Sexueller Missbrauch in Chemnitz: Polizei nimmt Kinderschänder aus Marokko fest!

In Chemnitz hat es einen schweren Sexübergriff gegeben – der Täter konnte bereits durch die Polizei gestellt werden. Nach ersten Informationen ereignete sich die Tat am Freitagabend (12. Februar) im Fußgängertunnel an der Stollberger Straße in Helbersdorf. Demnach stürzte sich der 31-Jährige auf drei Kinder im Alter von 13-Jahren, zwei Mädchen und einen Jungen. Er berührte sie unsittlich und begann, sie zu küssen, außerdem führte er exhibitionistische Handlungen an sich durch. Die Kinder blieben äußerlich unverletzt, es ist jedoch noch unklar, in welcher psychischen Verfassung sie sich befinden. Ebenfalls unklar ist, ob der Täter nach Beendigung der polizeilichen Maßnahmen aus dem Gewahrsam entlassen wurde oder einem Haftrichter vorgeführt wurde. Es wird abzuwarten sein, welche Informationen die Polizei über die ersten Ermittlungen nachreicht.

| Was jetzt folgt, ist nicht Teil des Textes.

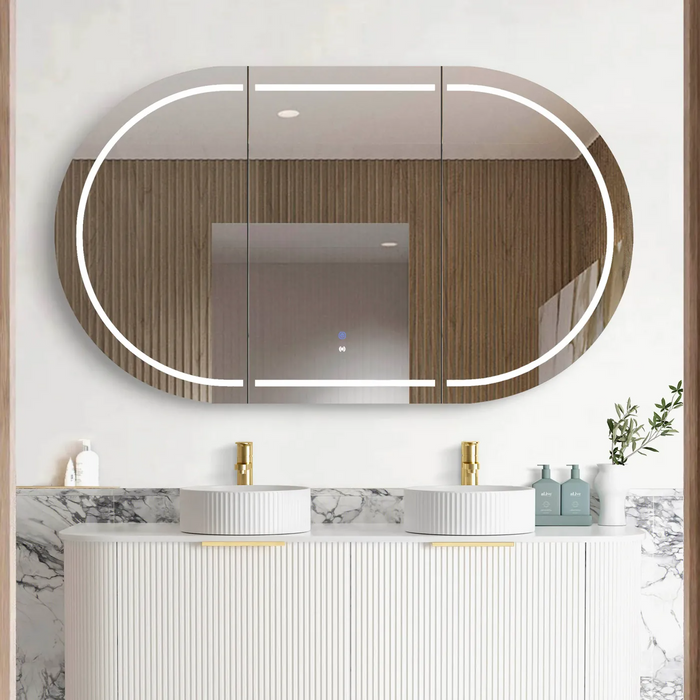 Otti LED Bondi Shaving Cabinet Premium Edition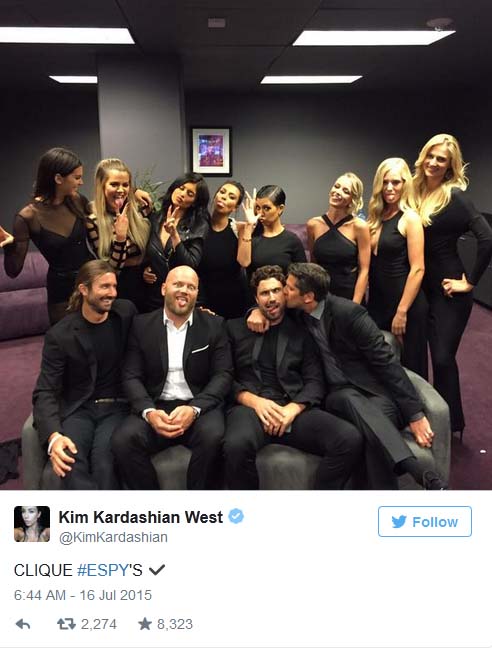 Kardashian Sister and Brothers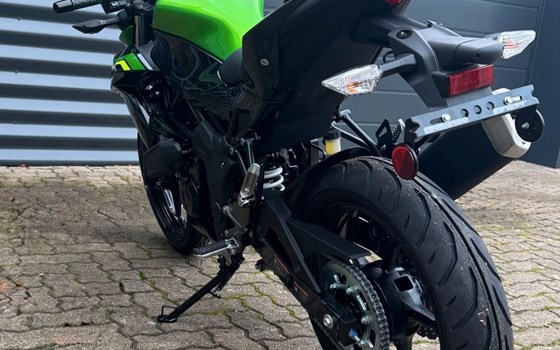 Neufahrzeug Kawasaki Z125 - Bild 6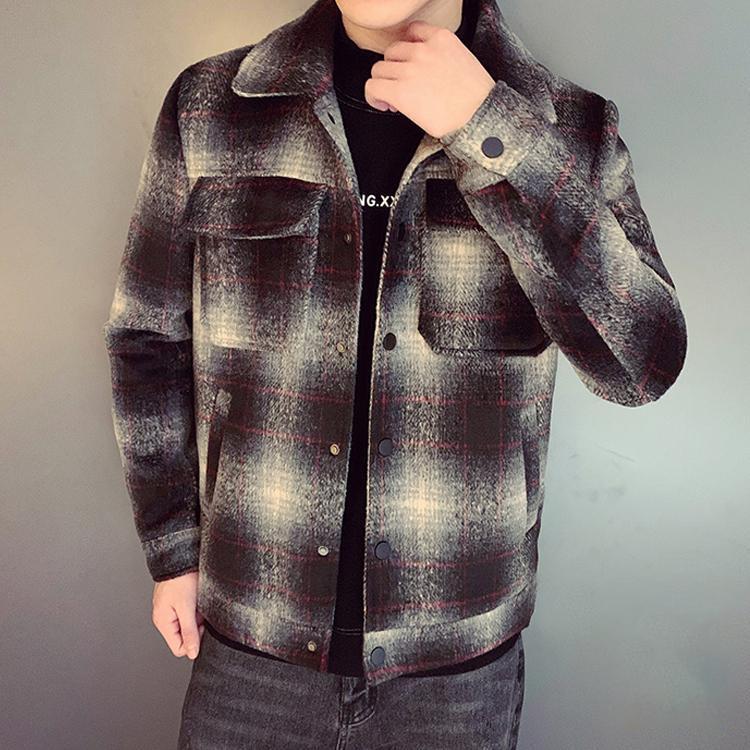 オンラインショッピング ピーコート Pコート メンズコート 秋冬 ラシャコート ショート丈コート 男性 ジャケット アウター コート 通勤 カジュアル 代 30代 40代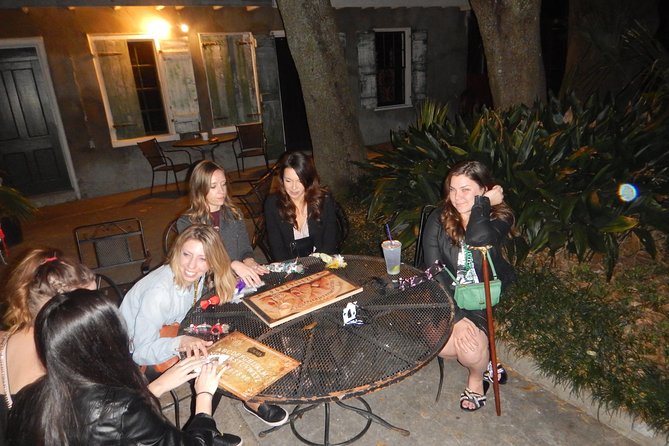 French Quarter Supernatural Ghost Hunt: Full Paranormal Lockdown - Pace and Phone Etiquette: The Stuff That Can Change Your Night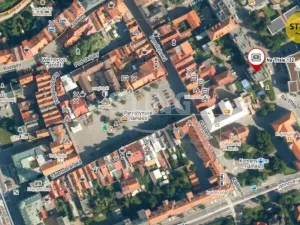 Pronájem bytu 3+1, Pardubice, Na Třísle, 90 m2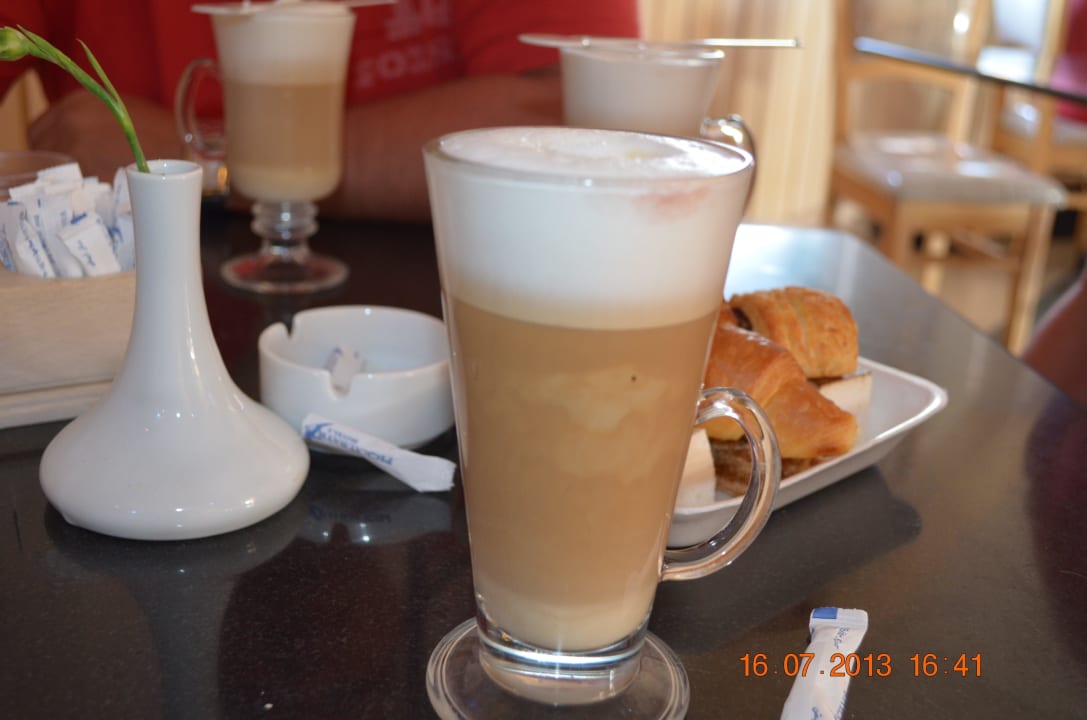 Świetna kawka Pickalbatros Aqua Park Resort - Hurghada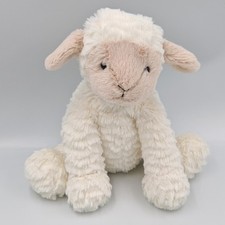 Doudou peluche mouton d'occasion  Le Portel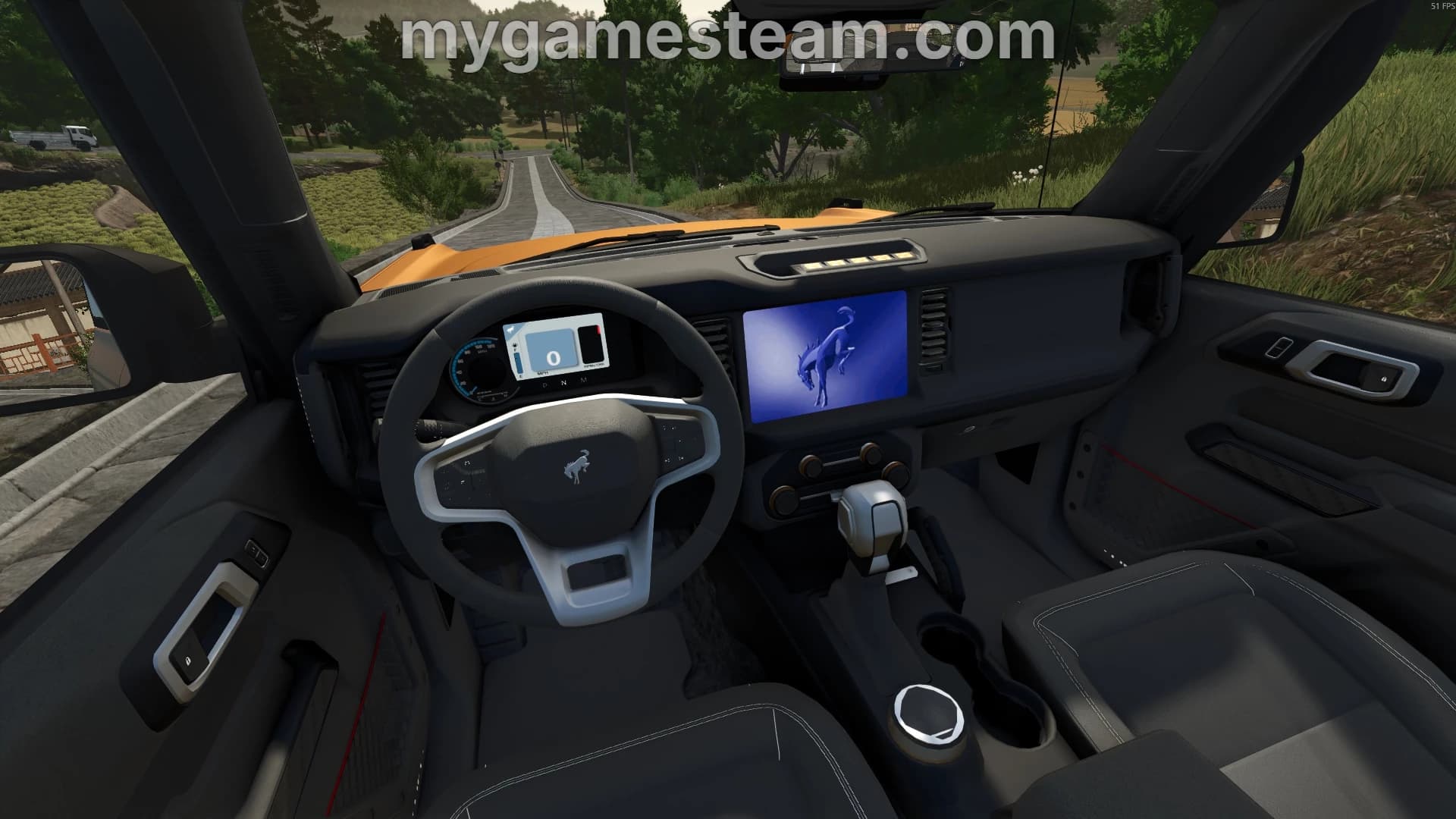 Ford Bronco 2021 2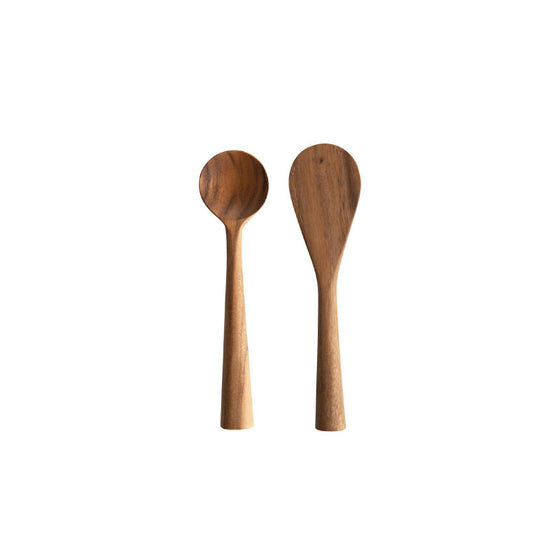 Wood Standing Spoons - Bungalow 56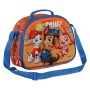 Bolsa portameriendas 3D Paweome Patrulla Canina Paw Patrol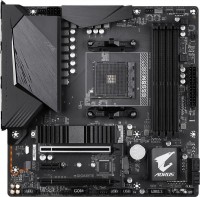 Фото - Материнская плата Gigabyte B550M AORUS PRO 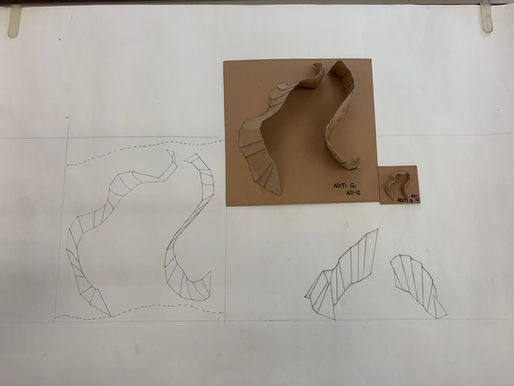 CONSTRUCTING A "SHRINE"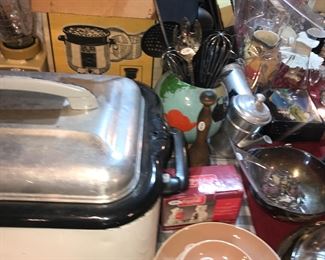 Items Located In The Basement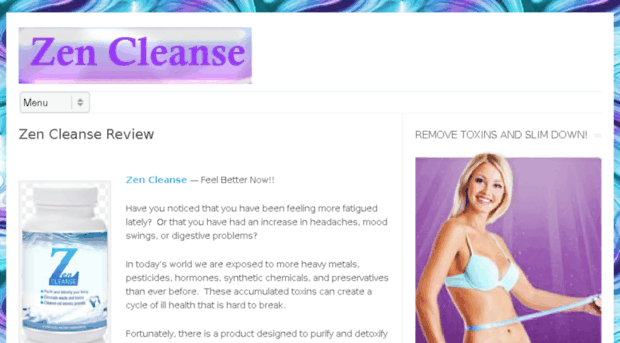 zencleanse.org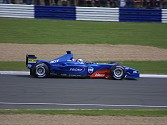 Jean Alesi, the most experienced driver in Formula One, is lead driver for the Prost team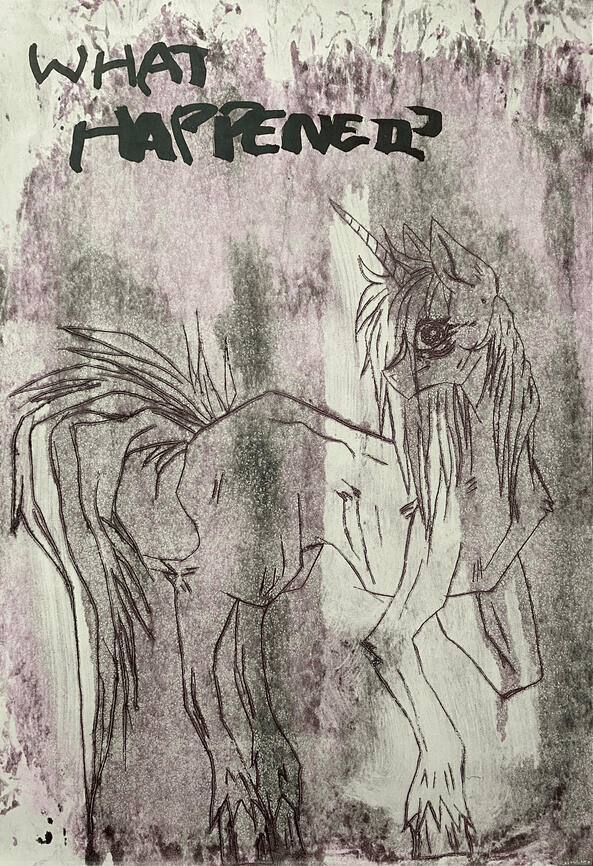 I Was Once a Beautiful Unicorn, 2025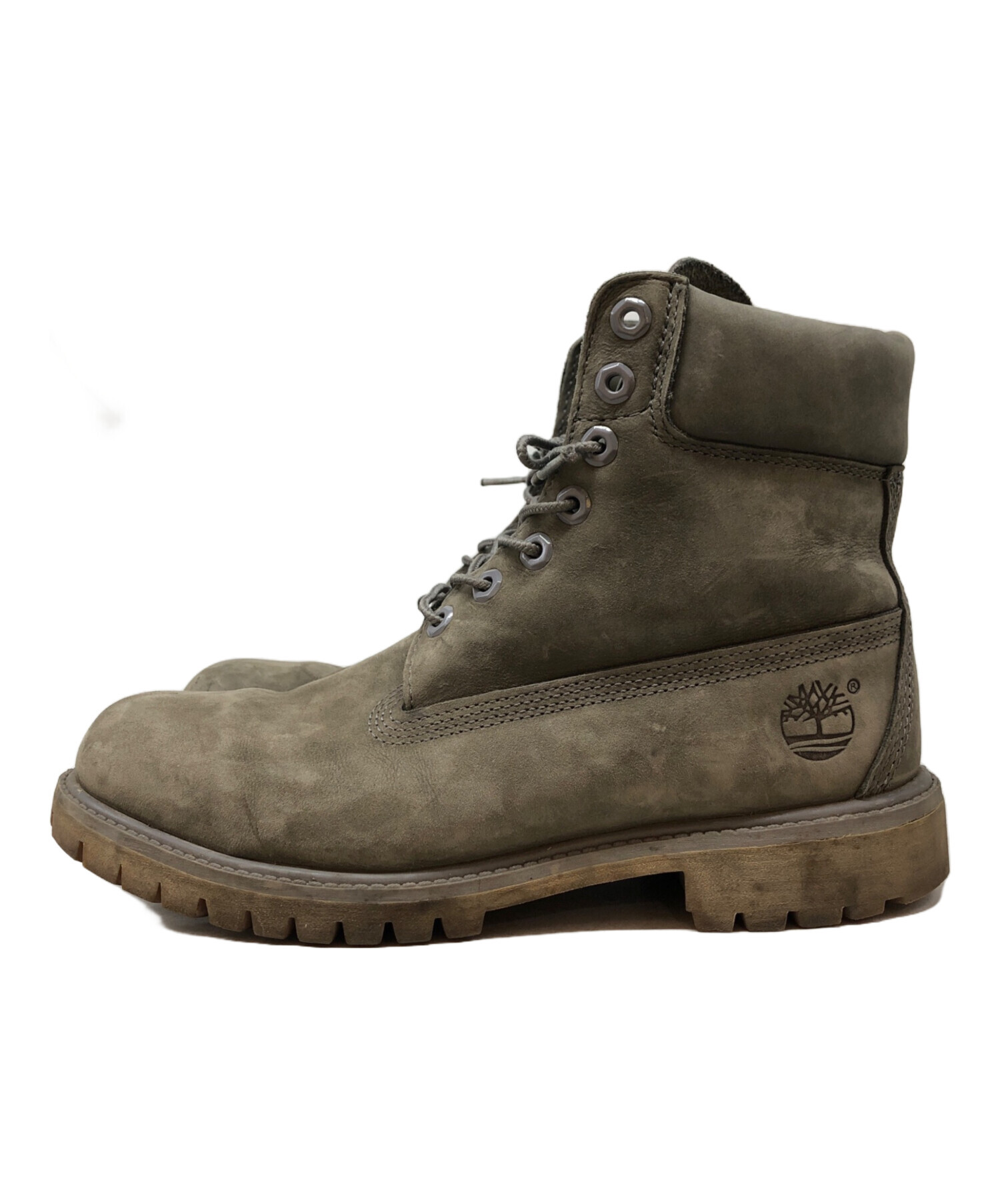 極美品Timberland】27cm ティンバーランド カーキー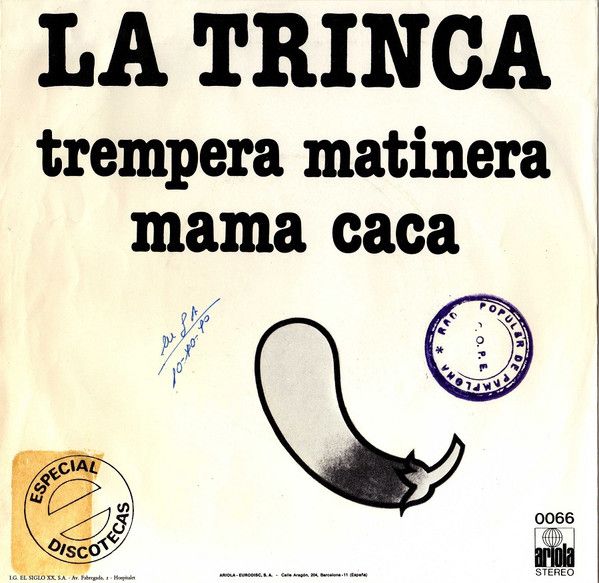 Trempera Matinera / Mama Caca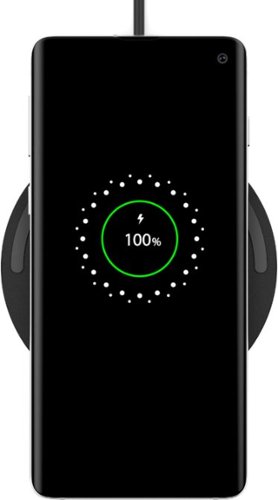 Belkin Boost Charge Wireless Charging Pad 15W - Black WHERE TO BUY
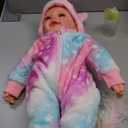 BABESIDE Baby Dolls, 17inch Large Realistic Cute Soft Body Baby Doll Real Life Baby Dolls with Accessories for 3+ Year Old Girls Gifts, Pretend Play, Collection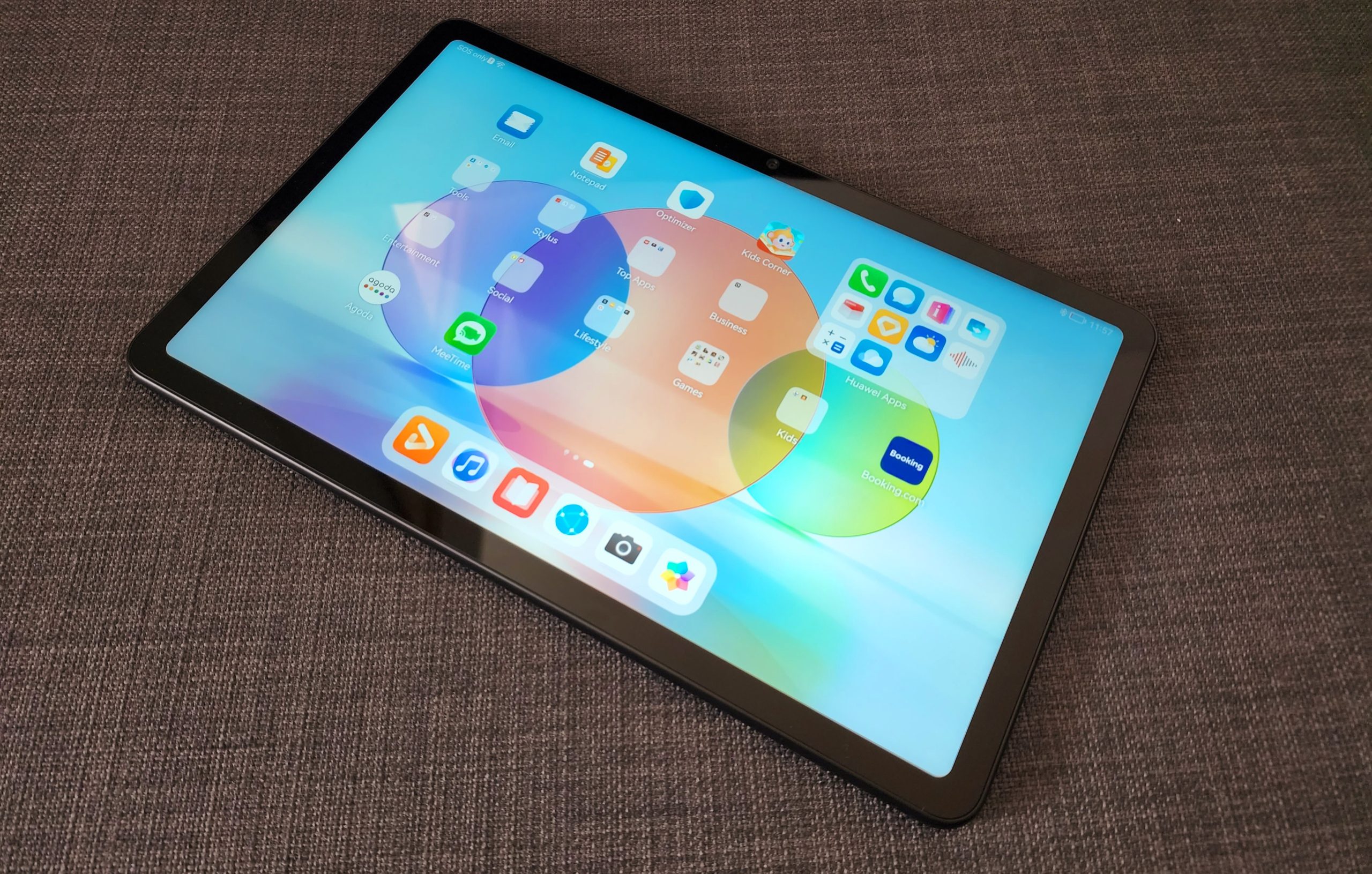 ULASAN : HUAWEI MatePad 10.4 - Tablet Midrange Berkebolehan Tinggi 22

Debatte über importierte Kriminalität muss geführt werden

Erneut hat es in Chemnitz einen schweren Übergriff gegeben, bei dem der Täter keine deutschen Wurzeln hat – ob es sich möglicherweise sogar um einen der Asylbewerber handelt, die 2015 in einem Gefühl falsch verstandener Willkommenskultur von Bundeskanzlerin Angela Merkel nach Deutschland eingeladen wurden, ist noch unklar. Bei einem Blick auf die Polizeipressemeldungen, die regelmäßig in Chemnitz veröffentlicht werden (und bei denen es sich vermutlich nur um einen Bruchteil der sich ereignenden Vorfälle handelt), wird deutlich, dass die Debatte über den Umgang mit der importierten Kriminalität offen geführt werden muss. Verschweigen oder schönreden, wie es einige politische Kräfte praktizieren, ist dafür keine Lösung.